With all of the hoopla surrounding Apple’s decisive victory over Samsung last week, there has been nary a mention of what the company should do next. Having a proven narrative that juries clearly relate to, it has one of the strongest legal positions in the technology industry right now.
Because of this strong position, it would seem to make sense for Apple to kneecap one of its biggest competitors, Amazon, before it gets too strong. However, according to several people I talked to, it’s in Apple’s best interests to play the waiting game for now.
There’s one obvious motivation for Apple to go on the offensive, as demonstrated by its lawsuits with Samsung, Motorola, and HTC — Apple believed that these companies were eating into its profits. The motivations for suing may have been cloaked in the shroud of protecting innovation, but make no mistake about it, Apple sues when there is a competitive threat. After all, Apple didn’t bothering making a stink over the JooJoo Pad.
And from that point of view, it makes sense for Apple to keep its eye on Amazon. Amazon has an incredibly strong foundation to compete with Apple. It has the strongest content library outside of Cupertino, it has the distribution channel of Amazon.com to compete with Apple Stores, and it has the developer ecosystem on its side with tight integration with Amazon Web Services. The only thing that Amazon doesn’t seem to have, though, is a killer product. (That’s only a matter of time, in all likelihood.)
This foundation will all tie together in the future, when Amazon pushes into the smartphone space and further into the tablet space. After all, Amazon will need more proprietary devices to provide “all of the world’s content” at a low price, as its mission statement claims.

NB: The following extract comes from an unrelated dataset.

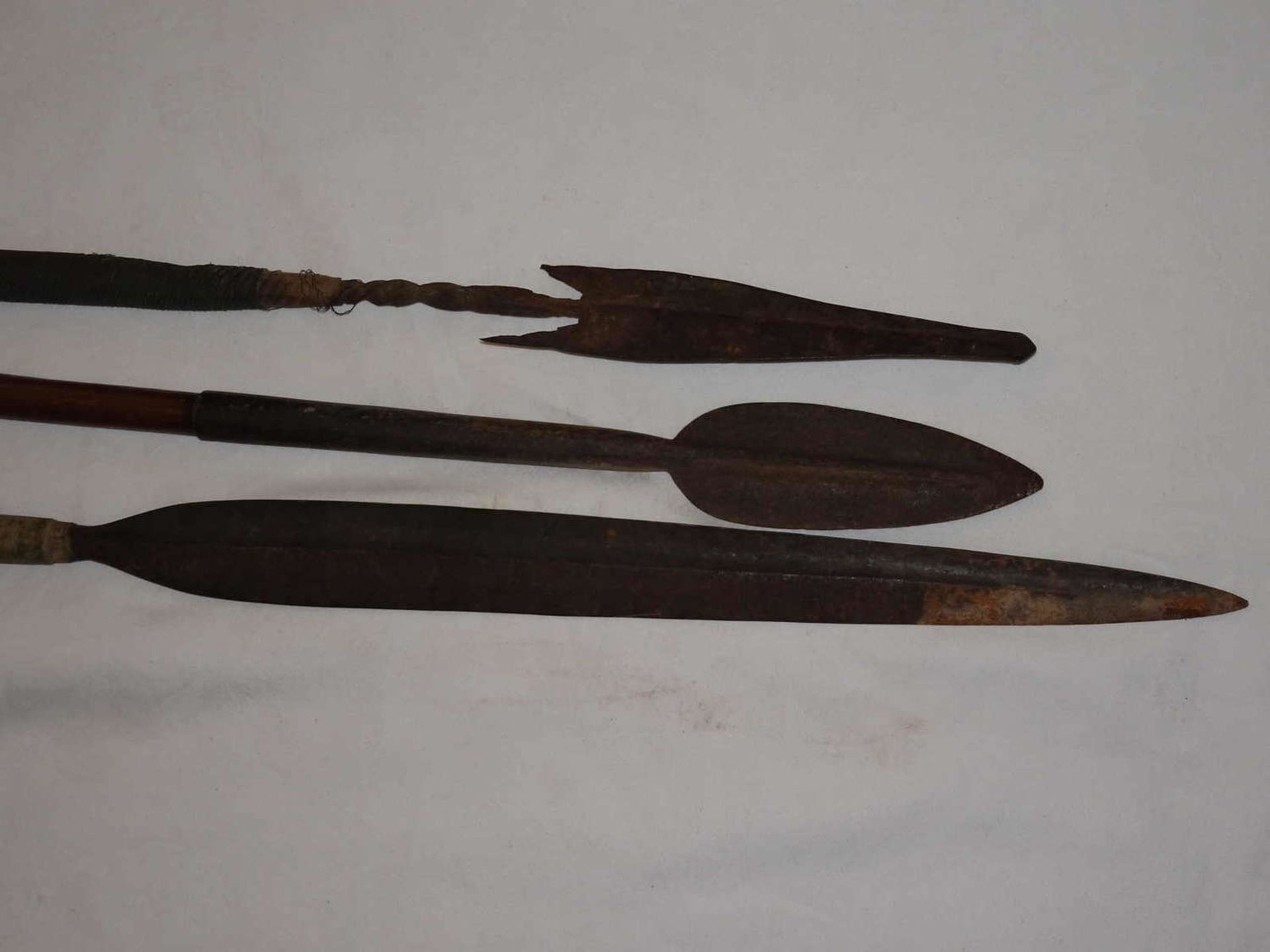 3 old African spears, with hand-forged spearheads around 1900. Original from the time. Length up - Bild 3 aus 5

In the meantime, though, Apple’s focus should remain on Google. Google runs the Android ecosystem right now, and Android is still the biggest threat to iOS, courtroom losses and all. Independent mobile analyst Horace Dediu backed up this claim by telling me, “Amazon is a bigger threat to Google than it is to Apple. So I think Apple will leave [Amazon] alone, at least as long as Google is still their main concern.”
What this means is that Amazon is currently holding Google in check while Apple fights them from a different angle. This sentiment was echoed by Jim Dalrymple of The Loop, when he told me, ” I think the relationship will remain on good terms as long as Amazon doesn’t push things like using Apple’s trademarks for ‘App Store’ or other items.”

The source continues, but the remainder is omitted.